気持ちを言葉で伝え合える学級経営への支援

江川 律子(妙高市立新井南小学校 養護教諭)

1 問題と目的

 過去の執務の中で、筆者は幾人かの不登校・保健室登校・保健室頻回訪問する児童と関わった。それら児童のもつ問題には、級友との関係づくりに1因があると思える事例が多々あると感じていた。そしてそれらは、自分の気持ちを言葉で表現する力を育てれば、予防できるのではないかと考え、かつ願い続けていた。

 筆者が勤務する学校の学級担任の一人は、人との関わりがうまくいかない1〜2人の児童と、他の児童とのトラブルの解決と未然防止策に苦慮していた。そして、子どもたちの「言葉によるよりよい人間関係づくり」を学級経営の基盤に据えたいと願っていた。また、昨年度の当校における校内研究の主題の重点課題は、「国語科での伝え合う力を育てるための指導過程の工夫」であった。当校全校児童は、一つの保育園から入学してくる。そのため、固定化されている人間関係をどう打ち破るかが課題でもある。

 そこで筆者は、浅野(2007)が提唱する、通称「対話法」の原則「自分の考えや気持ちを言う前に、相手が言いたいことの要点を、相手に言葉で確かめる」を紹介した。なお、対話法では、この確認のことを確認型応答と呼んでいる。これはカウンセリングの傾聴技法を簡略化したスキルの一種で、コミュニケーションのルールであり、テクニックでもある。確認型応答には、安心・安全な雰囲気が即座に醸し出され、信頼関係が構築される効果がある。そのため、安心して本音で自分の考えや気持ちを表明できるのである。また、誤解と思い込みによるコミュニケーションエラーを解消し、予防できるのである。このことが、学級内のよりよい人間関係づくりに役立ち、養護教諭のもつ専門性を生かす支援となるであろうと考えた。ここでのコミュニケーションとは、言葉を通して、それぞれの考えや気持ちを互いに認め合い、尊重し合いながら交流することと捉えている。

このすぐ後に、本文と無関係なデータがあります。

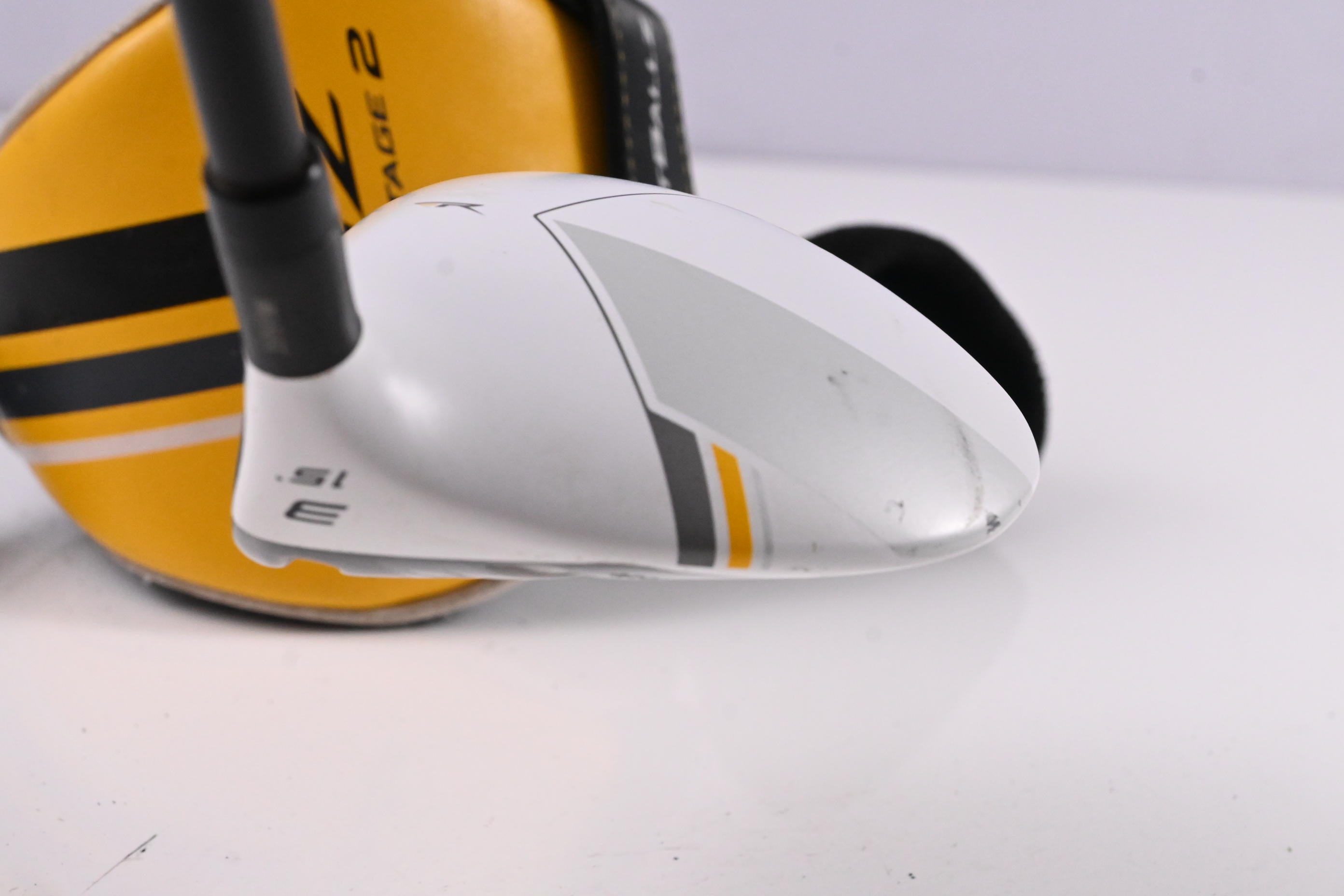 Ladies Taylormade RBZ Stage 2 #3 Wood / 15 Degree / Ladies Flex Rocketfuel 50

 このルールを導入し、確認型応答を使って児童同士が伝え合うことができるようにする習得トレーニングを提案し、要請のあった学級から試みた。本研究は、その効果を確かめることを目的とした。

2 方法

 (1)対象者

  1学年1学級の全校101人。A〜Fクラスとする。

 (2)期間

  2007年6月上旬〜2008年7月下旬。

 (3)測定器具

  QUアンケート(河村):Aクラスは3回実施。B〜Fクラスは1回実施。

 (4)習得トレーニング方法

 職員が対話法と確認型応答についての理解を得るため、筆者が講師となり職員研修を実施した。

 その後、児童を対象に、「気持ちのよい受け答えについて知る」を主題に、道徳の時間に紹介した。人は様々な気持ちを味わい、それを表現する数々言葉があることに気づかせた。児童の語彙を増やすため、ブレインストーミングの手法を用いて、いくつかの段階を踏んだ。また、自分の言いたいことを言葉にしにくい児童のために、筆者が過去に行った研究(江川,2007)を参考にして、図工の時間に、新聞紙コラージュを取り入れ、繰り返しトレーニングができる時間を確保した。

 学校内でのこれらの取組を保護者に紹介するため、学級通信に例文を載せ、家庭内での親子によるロールプレイの実施を依頼し、フリー参観日の体験学習会に備えてもらうようにした。

 Aクラスでは、毎朝のスピーチタイムをトレーニングにあてた。担任から与えられたテーマで発表し、必ず確認型応答を使って受け答えしてから、次に自分の感想・意見を伝えることをルールとした。これは、対話法の原則に則り、話す・聞くの伝え合いの時間とするためである。参加者全員が、実体験から実感として理解できるように、話し手・聞き手と役割のある例文を用いて読み合わせる。ついで日常の話題で伝え合い、どう感じたかを振り返り分かち合う参加型の学習形態とした。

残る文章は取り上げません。